Column: Jamari Traylor learns from punishment

Backup forward scores career-high 10 points in return

Kansas forward Jamari Traylor rejects a shot from TCU guard Christian Gore during the second half on Saturday, Feb. 15, 2014 at Allen Fieldhouse.

KANSAS 95, TCU 65

Box score

Membership on a team, any team, is a privilege, not a right. Jamari Traylor, Kansas University’s third-year sophomore reserve forward, did something to have that privilege revoked for a game that his teammates lost without him.

Traylor got off to a lousy start Saturday in a 95-65 victory against TCU, his first game out of the penalty box. He said he and the guards didn’t communicate well on how to guard screens and that his coach, Bill Self, happened to notice.

“He let me know on the court and off the court,” Traylor said in a way that left little doubt as to the coach’s tone.

Traylor shook off the slow start and put together one of his better games in a Kansas uniform. Decidedly stronger and quicker than most of TCU’s inside players, Traylor used those advantages to score a career-high 10 points to go with eight rebounds and a blocked shot.

He worked like a man trying to get out of debt to those with whom he is close. There is a reason for that. He owed his teammates.

Traylor’s defense could have come in handy in a Monday’s overtime loss at Kansas State, which at times attacked the basket with an ease that rivaled a layup drill.

“I at least would have tried to foul somebody,” Traylor said of how he could have helped slow down the procession to the hoop.

The only replays in sports are those on TV. Kansas had its shot at Kansas State and didn’t get it done. Traylor is left to think about woulda, coulda, shoulda, never a pleasant place for the mind to drift.

“It was definitely a physical game with K-State, and I think if I was out there we would have had a better chance to win,” Traylor said. “I definitely let my team down and everybody down.”

Traylor said whatever it was he did to draw the one-game benching “is between me and coach.”

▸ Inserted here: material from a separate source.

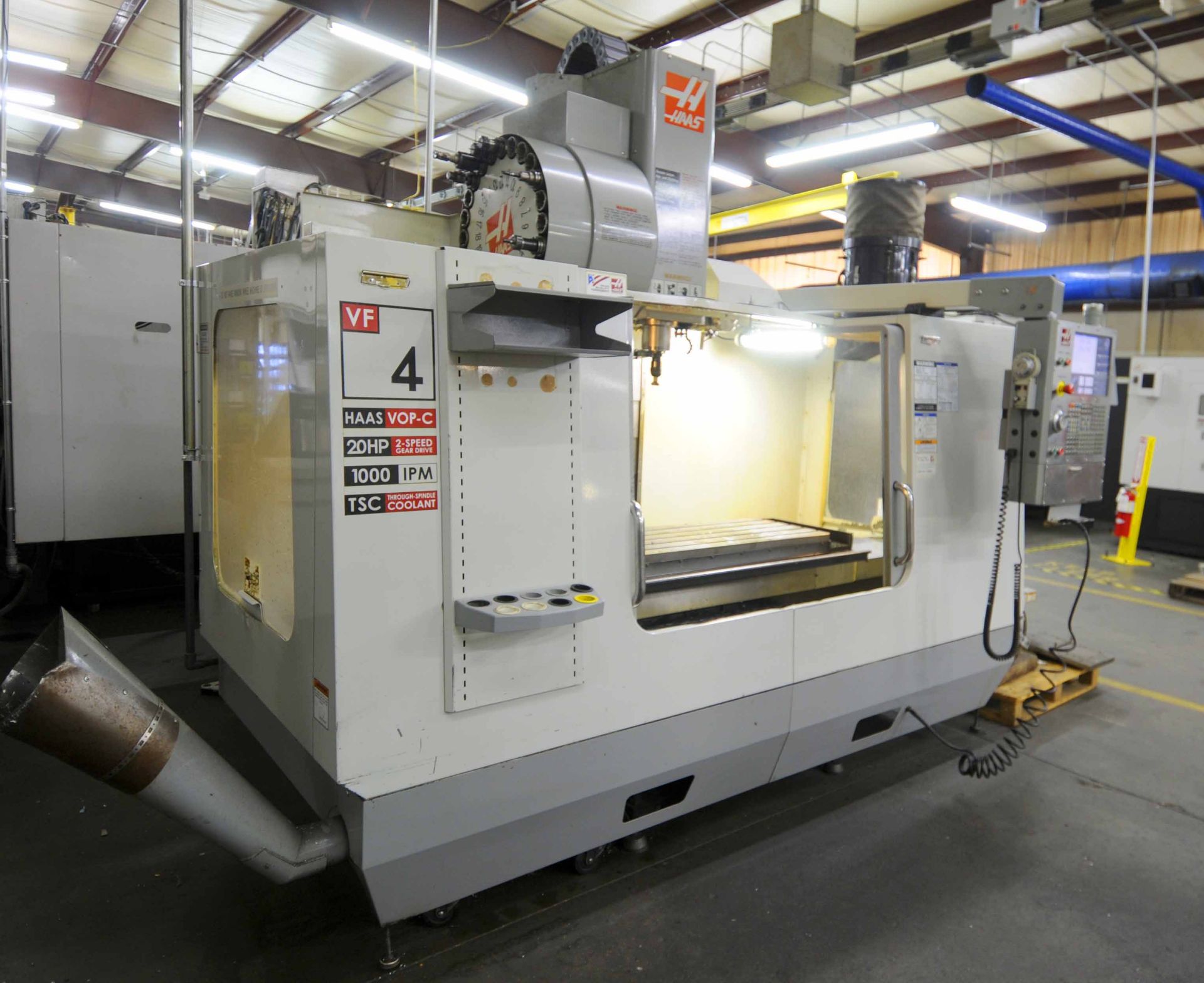 VERTICAL MACHINING CENTER, HAAS MDL. VF-4B 4-AXIS, new 2007, 18” x 52” table, 3,500 lb. table - Image 2 of 4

Traylor also said if he had been in charge of meting out the punishment, he would have reached a different decision.

“If it was up to me, I wouldn’t want to have to sit out,” Traylor said, before adding the obvious. “But it’s not up to me.”

Self met with Traylor in what amounted to a reinstatement hearing, similar to the one I had to steer through when I had received an excessive number of speeding tickets in a short period of time decades ago, when speed limits were unnaturally low, police officers unusually zealous and the entire world in general was 100 percent against me.

“We just came to a mutual understanding that I wasn’t going to get in the way of this team, I wasn’t going to harm this team,” Traylor said. “So I pretty much am not going to screw up anymore.”

Watching was the hardest part for Traylor.

“As a player, you see plays where you’re like ‘Oh, I could have got that,’ or stuff like that,” he said. “I know I could have helped the team. And it just hurt me knowing I let everybody down.”

Self said Traylor “obviously was disappointed that he didn’t play this past Monday. That’s over with. When something is taken away, I think guys probably appreciate it a little more when they get out there, especially that next time.” 

College is all about learning, which includes tough lessons.

“Coach has always got my back and everything,” Traylor said. “I still feel like things didn’t go the best my way, but I understand why he was mad at me. At the end of the day, it’s a learning experience. I got better from it.”